**Dataset:**
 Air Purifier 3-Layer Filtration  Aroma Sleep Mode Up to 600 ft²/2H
--
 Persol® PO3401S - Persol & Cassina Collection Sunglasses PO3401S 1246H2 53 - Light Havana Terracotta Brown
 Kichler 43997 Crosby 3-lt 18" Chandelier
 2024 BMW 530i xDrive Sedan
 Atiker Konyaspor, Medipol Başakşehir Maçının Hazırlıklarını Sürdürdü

**Task brief:** Of all the entries above, repeat only the lines from the line that has "Kichler 43997 Crosby" to the line that has "Atiker Konyaspor, Medipol", both lines included, exactly.

**Written answer:**
 Kichler 43997 Crosby 3-lt 18" Chandelier
 2024 BMW 530i xDrive Sedan
 Atiker Konyaspor, Medipol Başakşehir Maçının Hazırlıklarını Sürdürdü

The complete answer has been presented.